Invincible, New Vic theatre, Newcastle-under-Lyme - review and pictures
So who, or what, is invincible? Not the English football team, for sure, or Vince the cat, or any of the four superficially strong characters in this well-told contemporary take on the clash of class and culture in a broken Britain.
Emily and Oliver, from the metropolitan socialist and liberal elite, re-locate to the north for a cheaper rental and to raise their children "among real people" following redundancy in the recession. They face anticipated challenges with confidence: "It's up to people like us to improve the local failing school – that's why I've applied to join the governing board."
Their new next door neighbours are working class locals born and bred, also suffering from the recession. Invited round for drinks – well, green tea in tiny teacups – Dawn enters like a diva in heels and low-cut scarlet dress. Alan makes an equally dramatic entrance once the England game is finished, brandishing a beer can and pirouetting round the furniture expounding his football philosophy.

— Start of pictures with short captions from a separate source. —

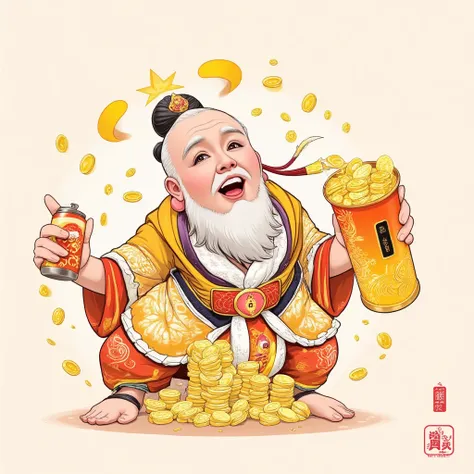  Chinese God Holding a Can of Gold Cartoon Characters, god of wealth, Inspired by Puhua,  God of Man , Chinese mythology,  Inspired by Hu Zoo-bin , Sun Wukong, ink painting, map tofu cartoon,  Asura , ( ( AI Art King  ) ),  Inspired by Gong Yin , chi-gong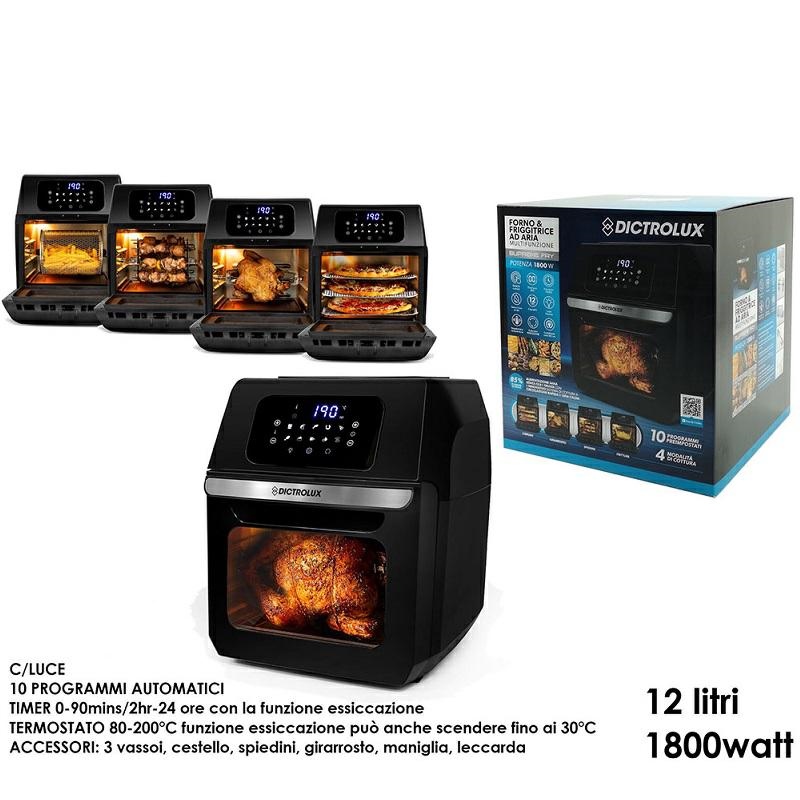 FRIGGITRICE FORNO DIGITALE ARIA CALDA 12 LT 1800 W - Elettrodomestici -  Bottiglieri Casalinghi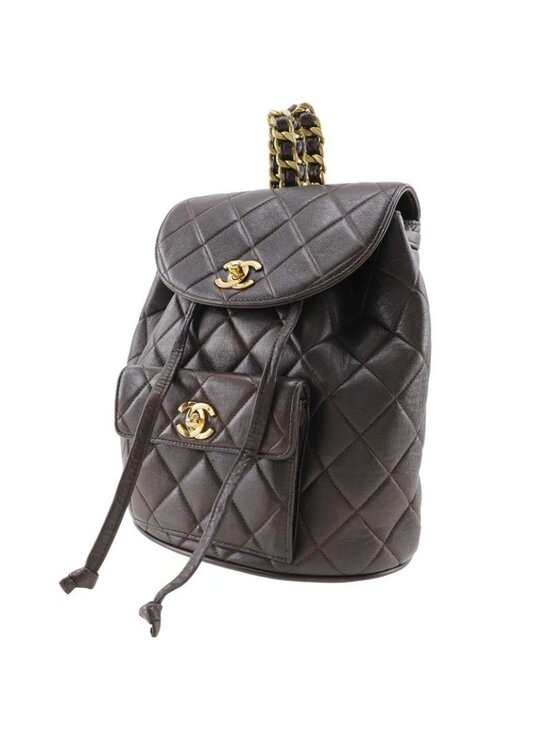 Chanel Quilted Vintage Lambskin Brown Backpack Daypack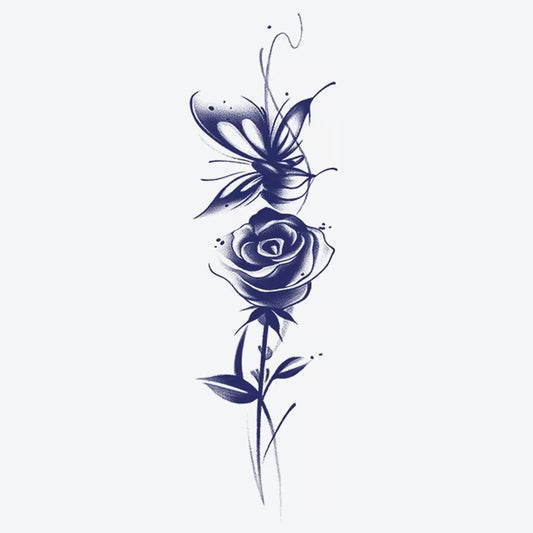 Butterfly Rose Tattoo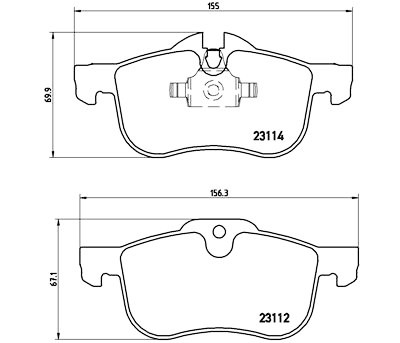 Set di 4 pastiglie freno BREMBO P 52 017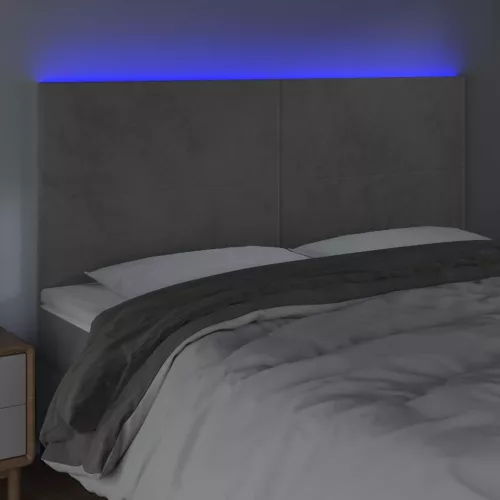 Világosszürke bársony LED-es fejtámla 180x5x118/128 cm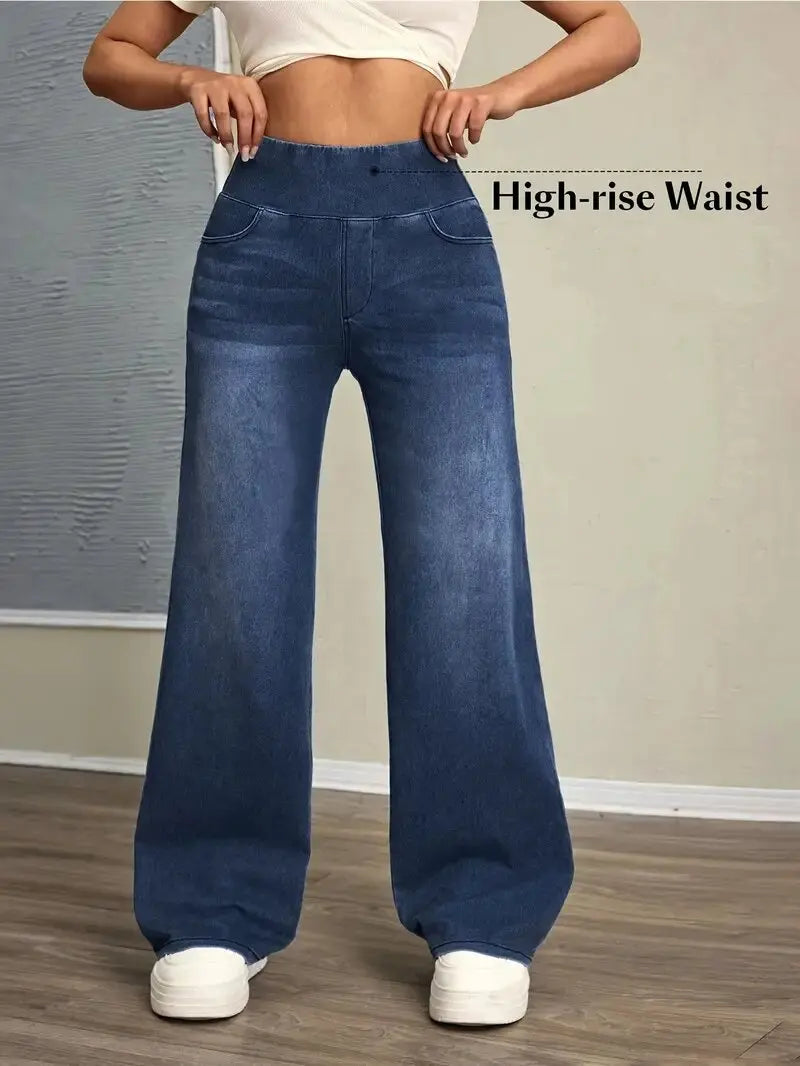 Women's Jeans Elastic High Waist Stretch Loose Straight-Leg Trendy Comfortable
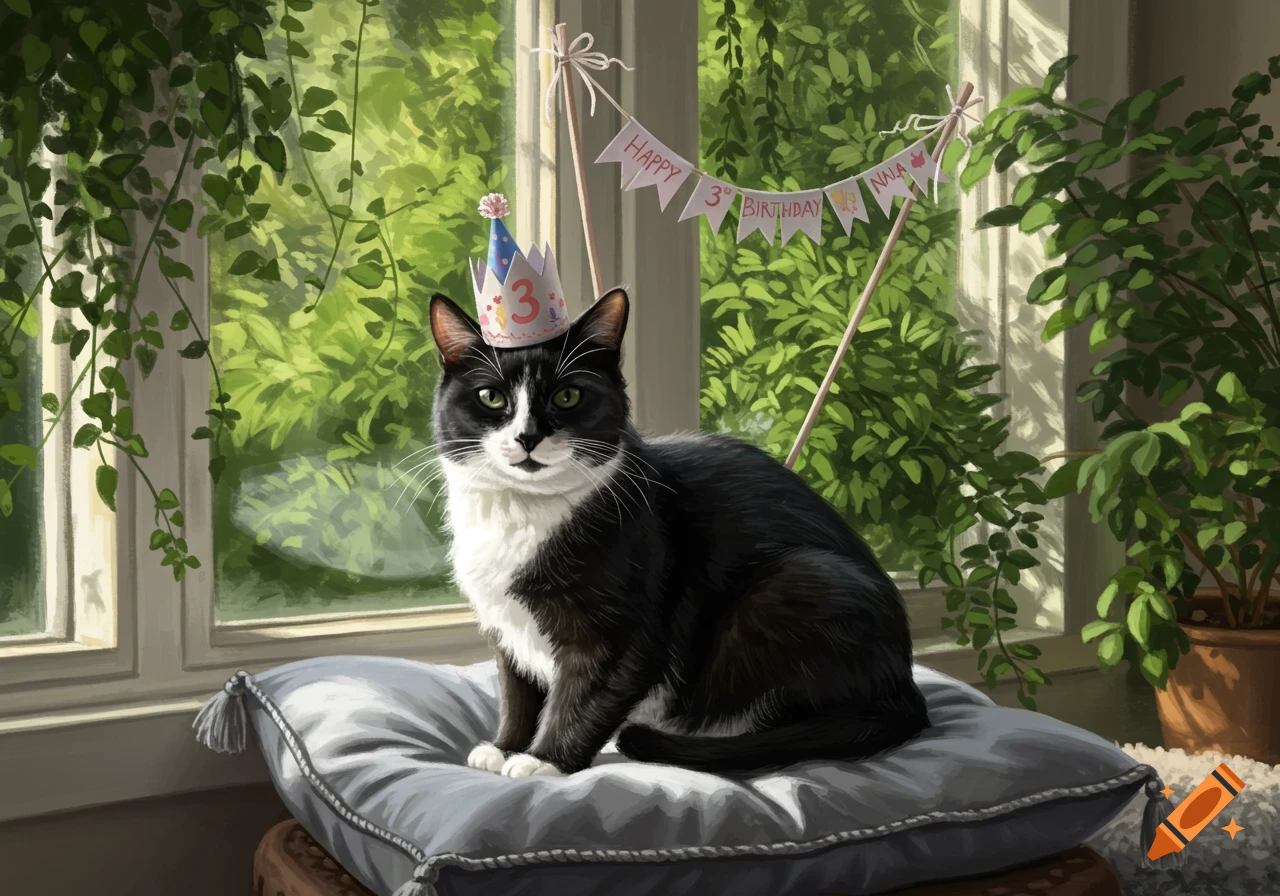 A black and white cat in a party hat with '3' sits on a pillow before a window with plants and a 'Happy 3rd Birthday Nala' banner. Detailed illustration.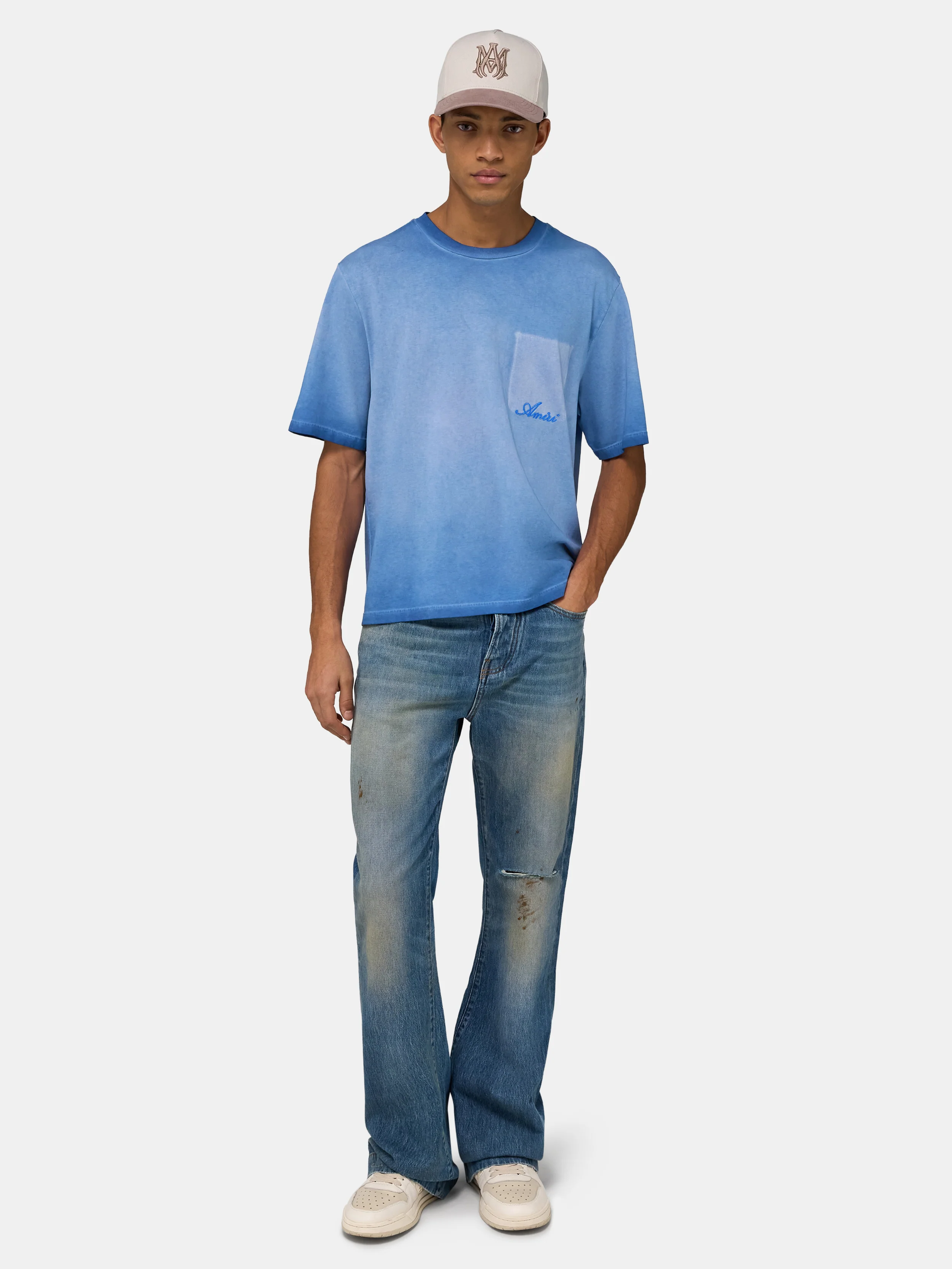 FADED POCKET BOX TEE - Sapphire - Image 2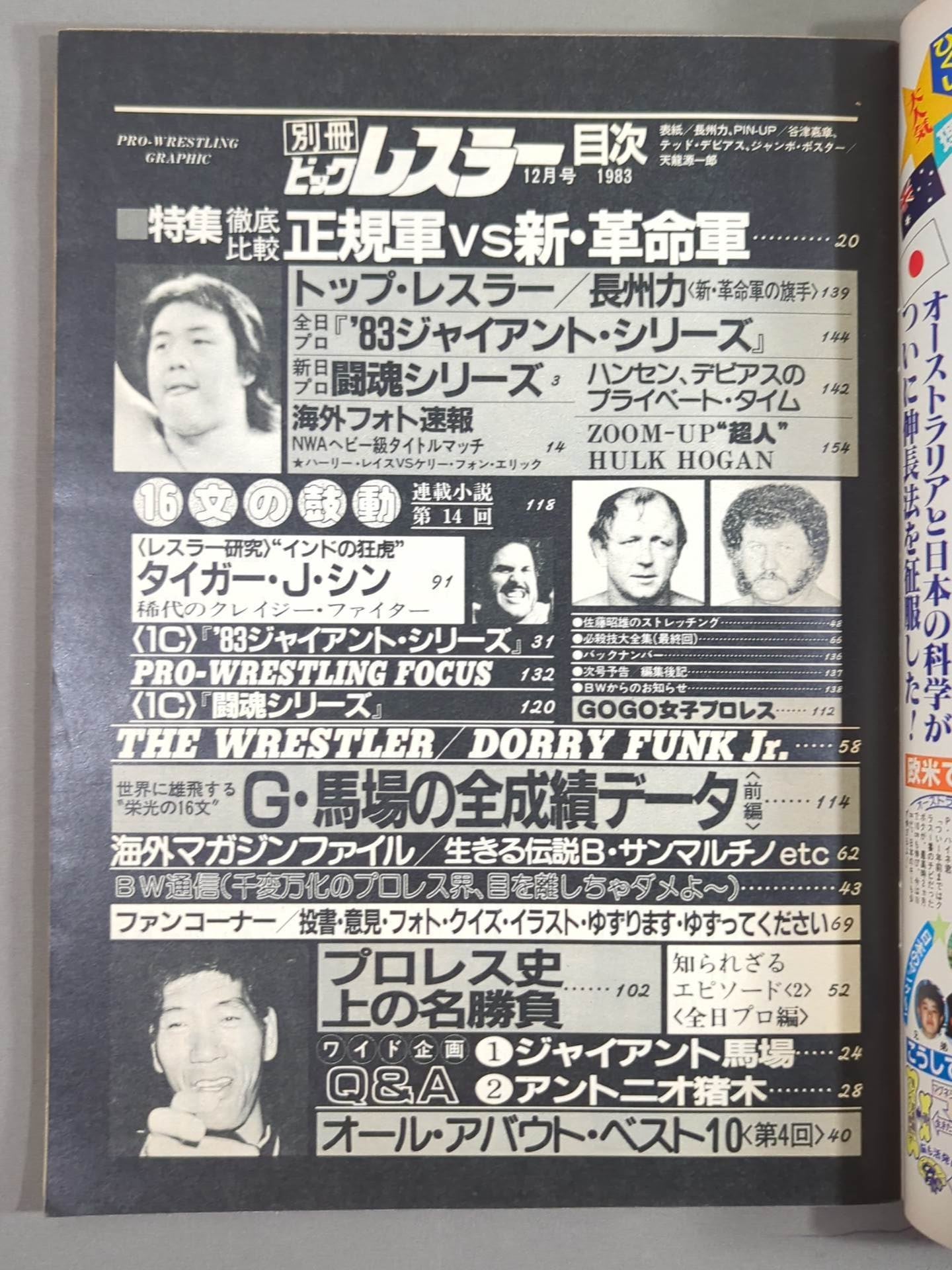 月刊ビッグレスラー 1983年12月号別冊
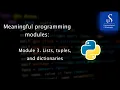 Module 3 Lists Tuples and Dictionaries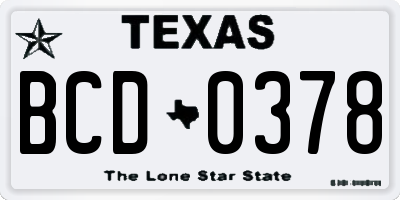 TX license plate BCD0378
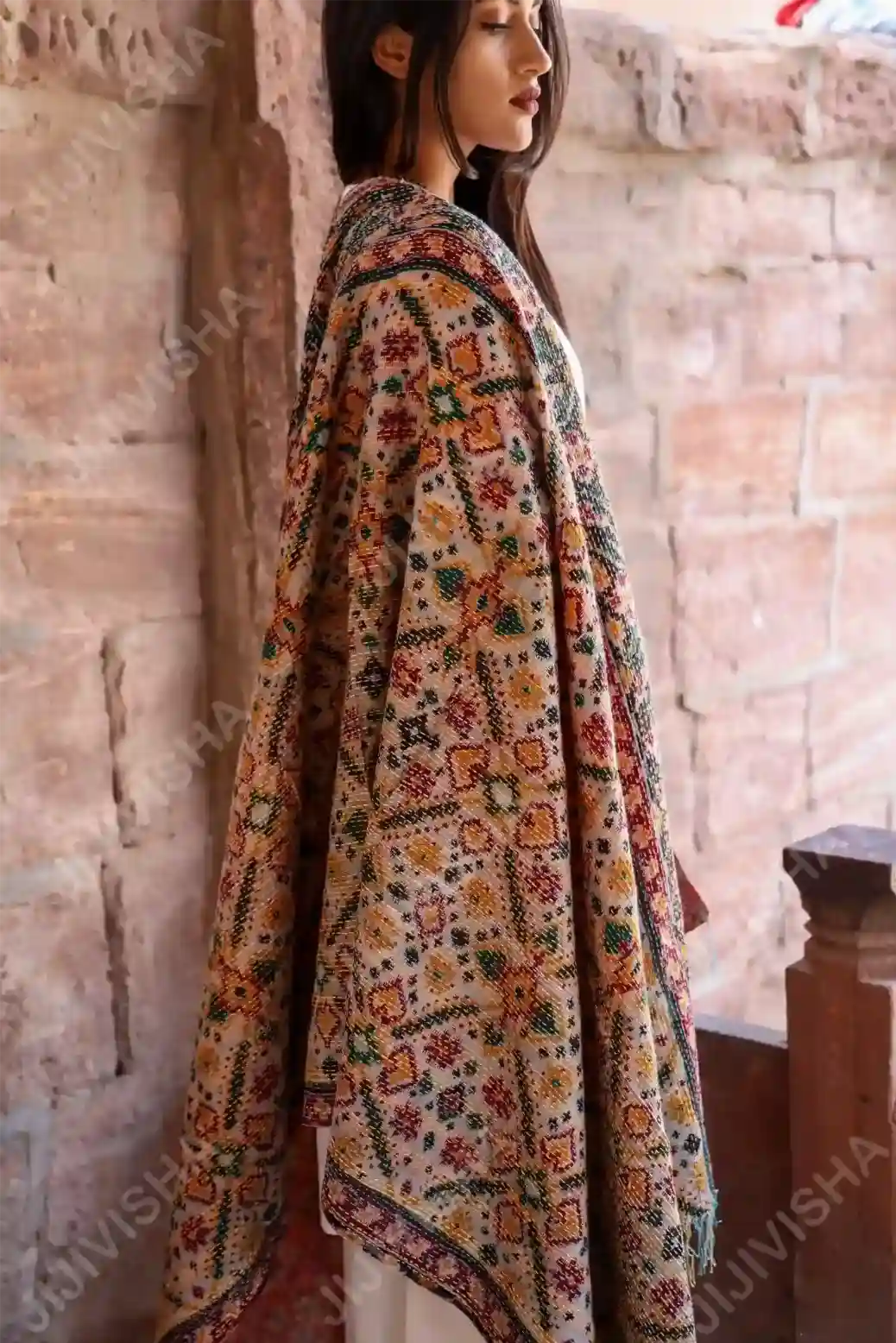 JVWAPSW040_9 Buy Kantha Stitched Peach and Mint Green Floral Print Stole Online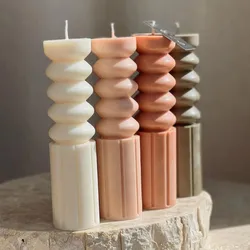 Round cake stacking cylinder candle silicone mold vertical stripe cylinder regular geometry candle silicone mold Acrylic PC mold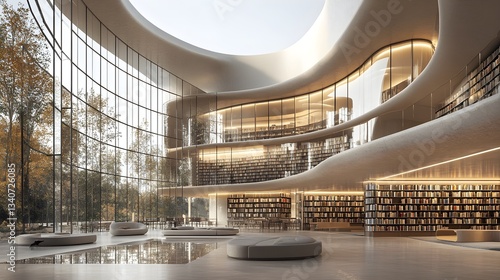 Visually Striking Modern Library with Unique Architectural Elements – Generative AI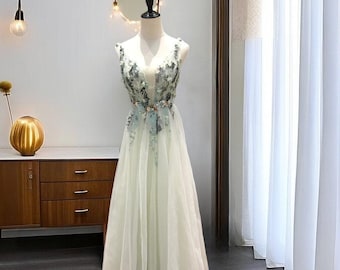 3D Pearl Flower Mermaid Prom Dress, Shinning Sequin Evening Gown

This collision of attitudes and values of the two couples starts like a sit-com with easily recognisable, exaggerated characters. The pace and temperature ramps up when Emily, who paints pretentious abstracts, is asked for her honest opinion of Alan's portraits of his cat Vince. And again when Emily blames Tony Blair for "sending misguided, ignorant" soldiers to Iraq before realising that when Alan said their eldest son was "away" he didn't mean at college.
The humour ramps up too, especially at the start of the second act when crossed wires involving the sticky end of Vince (named after HMS Invincible) and another distinctly un-neighbourly act are played as farce. It's beautifully choreographed and very funny, leading through a cruel mockery to an emotionally charged denouement played as the tragedy it is.
Author Torben Betts writes "My plays all tend to be quite dark and I'm never one who feels constrained to deliver a happy ending." I certainly buy that. The only things that feel invincible here are English music (from Byrd to Bowie) and the enduring power of inherited wealth (enabling a re-re-location to Highgate).
But dark doesn't mean unremittingly gloomy. The humour lightens the social and political commentary and makes for a highly stimulating, enjoyable evening -- with not a mention of immigration or Brexit.
Graeme Brookes plays Alan with charming loutishness and well-judged comic timing – never more so than soliloquising about what a boring person he is. Elizabeth Boag, well known to New Vic audiences in Alan Ayckbourn productions, gives us a painfully sympathetic Dawn.
Emily Bowker and Alastair Whatley as Emily and Alan have perhaps the harder task, as they struggle with their characters' desire to be honest and say what they think -- "or else what's the point?" – and their ultimate duplicity. They pull it off handsomely.
Invincible, written in 2014, is a touring production of The Original Theatre Company.